Tale sviluppo, pur nella necessaria distinzione tra tutela e valorizzazione del patrimonio culturale, storico o artistico, risulta confermato altresì dall’art. 1 della l. n. 1187 del 1968, che, in sede di modifica dell’art. 7 della stessa legge fondamentale urbanistica, ha esteso il contenuto del piano regolatore generale anche all’indicazione dei vincoli da osservare nelle zone soggette alla tutela del paesaggio o storica.

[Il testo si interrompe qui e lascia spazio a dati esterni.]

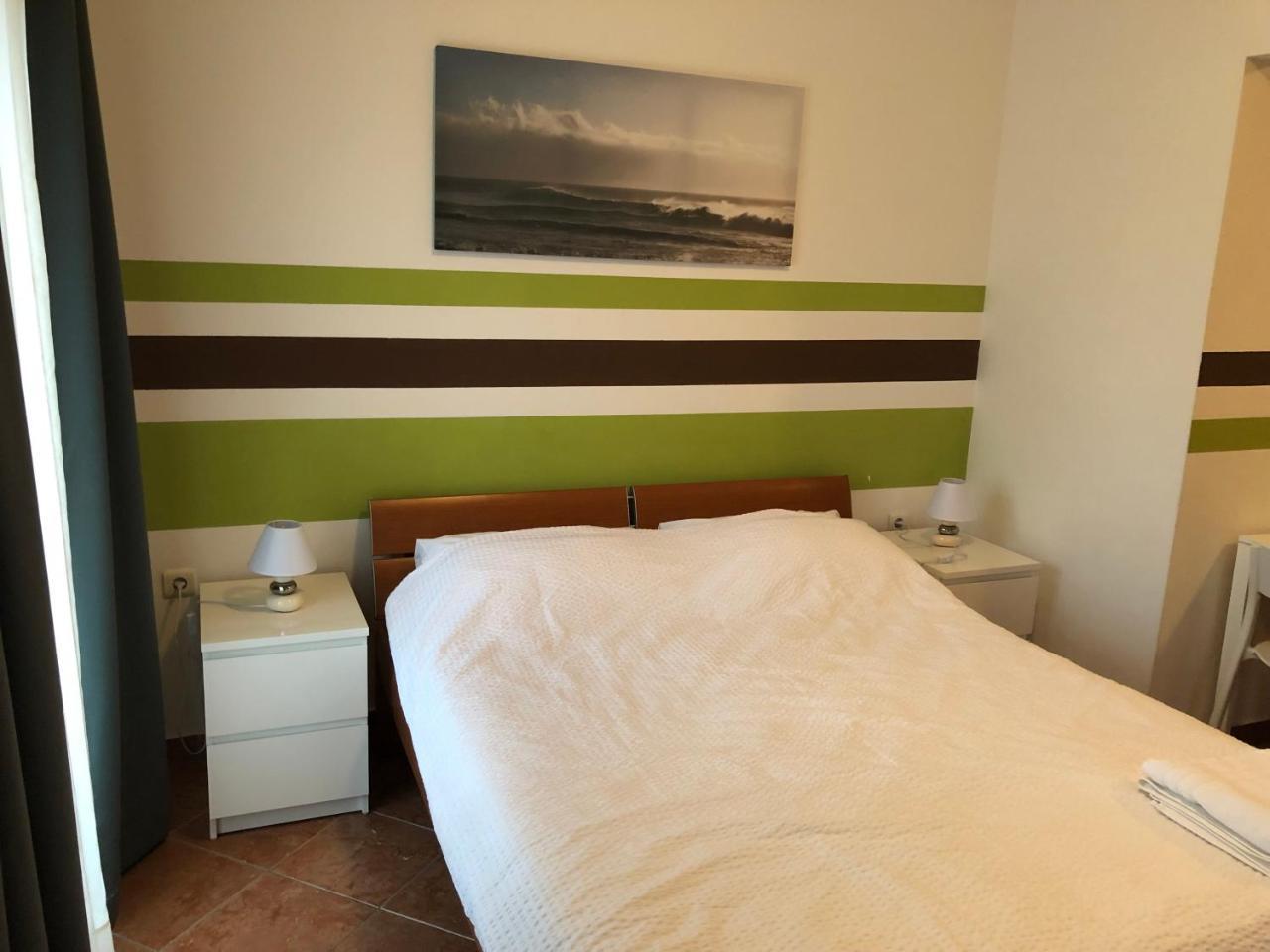 Apartmani I Sobe Ivancic1 โนวีวีโนดอลสกี ภายนอก รูปภาพ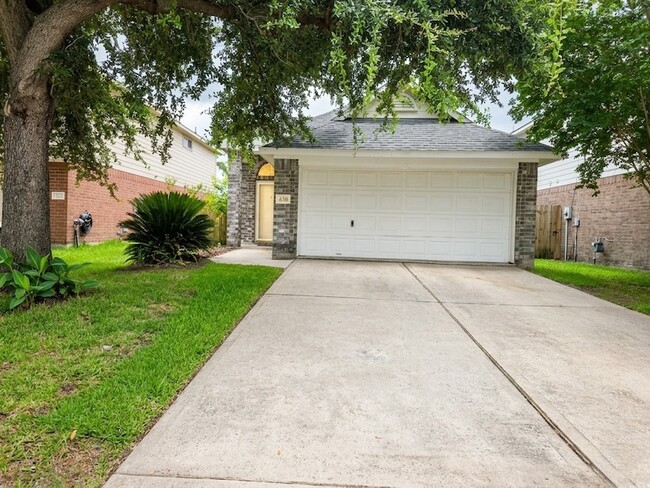 Photo - 638 Aldenwick Ln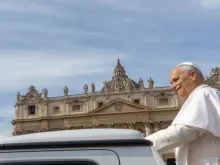 Papa Leão XIV cumprimenta fiéis no Vaticano hoje (23) depois de oração do Ângelus.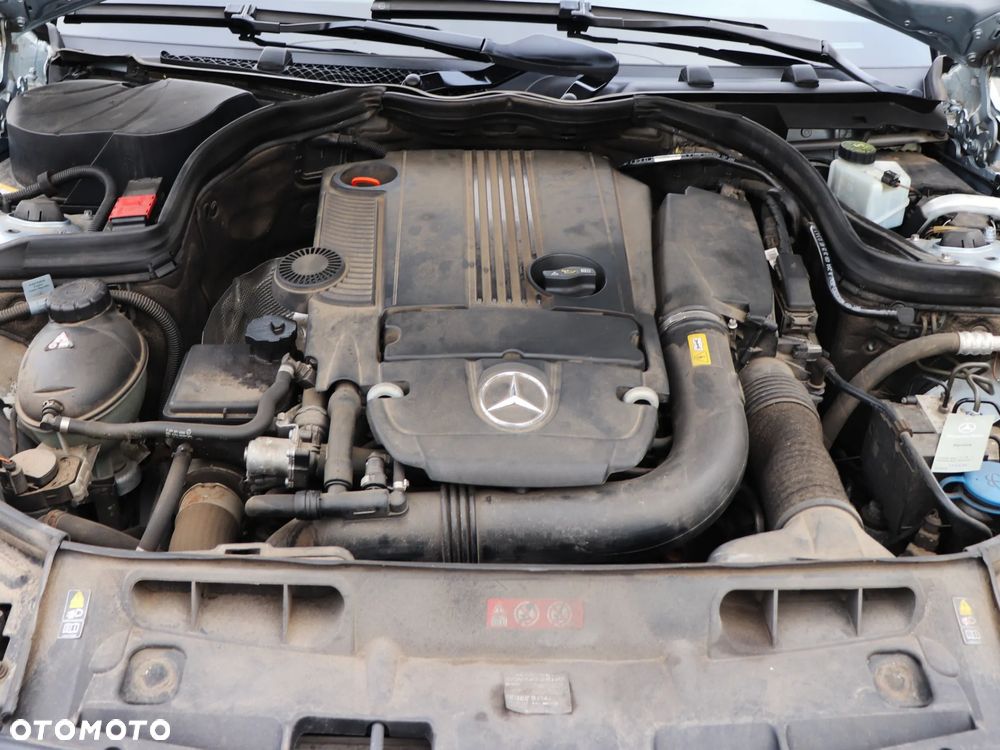 Mercedes-Benz Klasa C 200 Avantgarde Edition - 38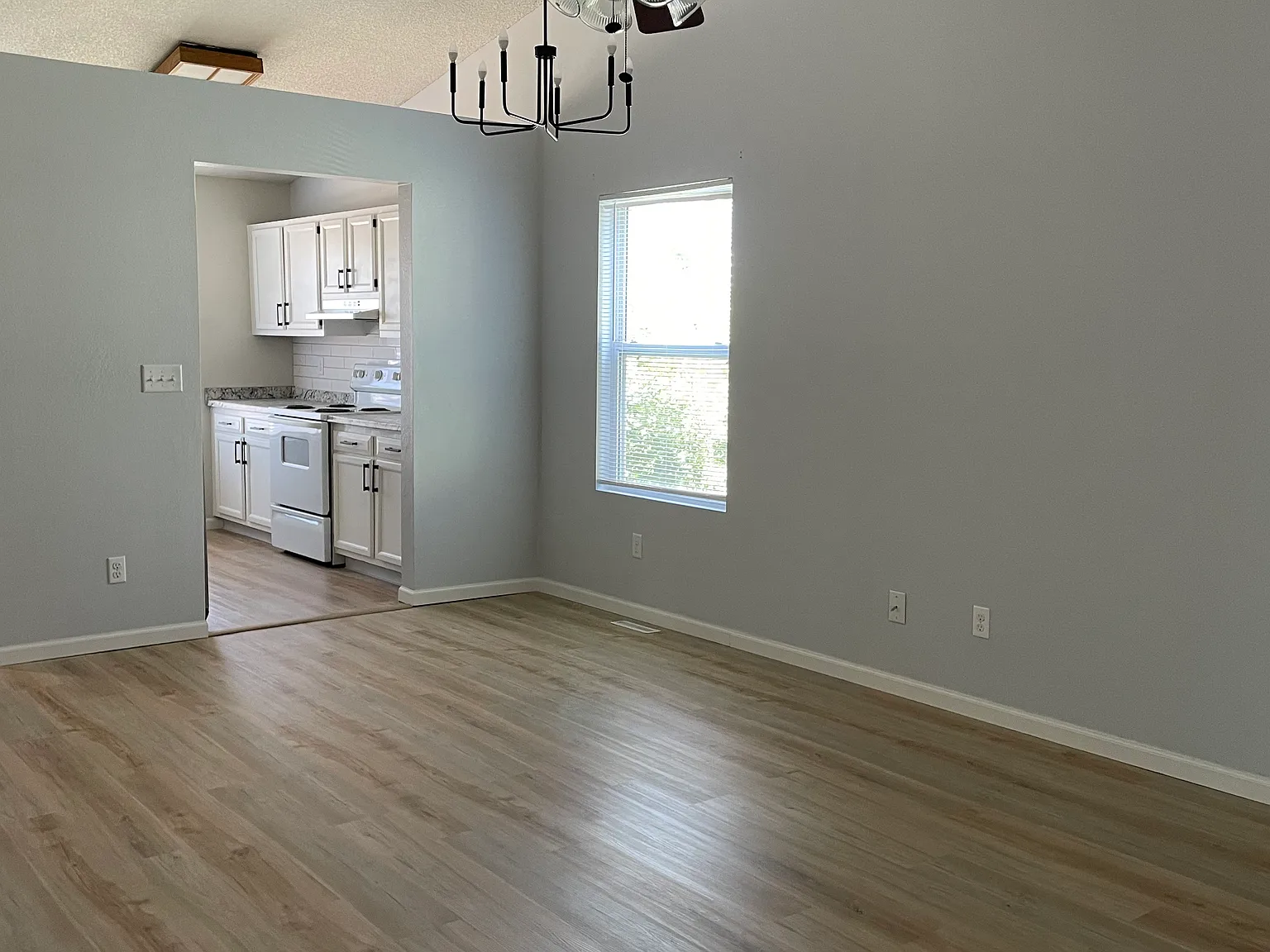 3 bed, 1500 sqft, $1,880 — Photo 4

Il Collegio, pertanto, conferma il principio, affermato nella giurisprudenza amministrativa risalente, in virtù del quale le modifiche allo strumento urbanistico introdotte d’ufficio dall’Amministrazione regionale, ai fini specifici della tutela-del-paesaggio e del patrimonio storico artistico, non comportano la necessità per il Comune interessato di riavviare il procedimento di approvazione dello strumento, con conseguente ripubblicazione dello stesso, atteso che le dette modifiche integrano un unico procedimento di formazione progressiva del disegno relativo alla programmazione generale del territorio, in conformità all’art. 10, comma 2, lettera c), della l. n. 1150 del 1942 e dell’art. 16, comma 10, della l. regionale n. 56 del 1980.
Il carattere obbligatorio, e non facoltativo ovvero concordato, delle dette modifiche, infatti, esclude siffatto onere di ripubblicazione, atteso che l’intervento regionale si configura quale dovuto e rende superfluo l’apporto collaborativo del privato, superato e ricompreso nelle scelte pianificatorie operate in sede regionale e comunale, come risulta essersi verificato nella fattispecie oggetto di giudizio.
La necessità di ripubblicazione del piano, dunque, anche secondo la giurisprudenza di prime cure, viene ritenuta sussistere allorché, in un qualunque momento della procedura che porta alla sua approvazione, vi sia stata una sua rielaborazione complessiva, da escludersi nell’ipotesi di modifiche che attengano alla disciplina di singole aree o singoli gruppi di aree.